Auch die Vorhaltungen des Beklagten zu 2, der Kläger habe bei den zuvor aufgetretenen Verstopfungen in der Hebeanlage lediglich den der Pumpe vorgeschalteten Zerhacker mit einem Hochdruckreiniger abgespritzt, um die bis zu diesem Zeitpunkt aufgetretenen Verstopfungen zu beseitigen, vermögen keine andere Würdigung der Beweisaufnahme zu rechtfertigen. Denn der Zeuge hat nachvollziehbar dargelegt, dass eine Verstopfung des Häckslers durch Einsatz eines Hochdruckreinigers durchaus beseitigt werden kann. Ein Zusammenhang der früheren Arbeiten des Klägers mit der hier streitgegenständlichen Rohrverstopfung ist aber nicht ersichtlich.

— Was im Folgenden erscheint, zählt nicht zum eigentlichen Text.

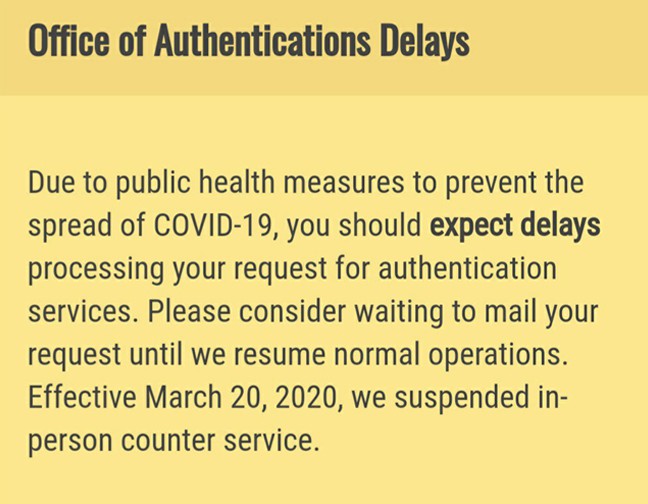 Office of Authentications Delays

Der zuerkannte Zinsanspruch ergibt sich aus § 288 Abs. 1, 286 BGB. Die Beklagten sind gemäß § 286 Abs. 2 Nr. 3 BGB mit der Zahlung der geltend gemachten Schadensbeseitigungskosten bereits zum 15.11.2006 ohne Mahnung in Verzug geraten, indem sie mit Schreiben vom 15.11.2006 eine Zahlung ernsthaft und endgültig verweigert haben.

Die zuerkannten vorgerichtlichen Rechtsanwaltskosten unter dem Gesichtspunkt des Verzugsschadens gemäß § 280 Abs. 2, 286 BGB begründet.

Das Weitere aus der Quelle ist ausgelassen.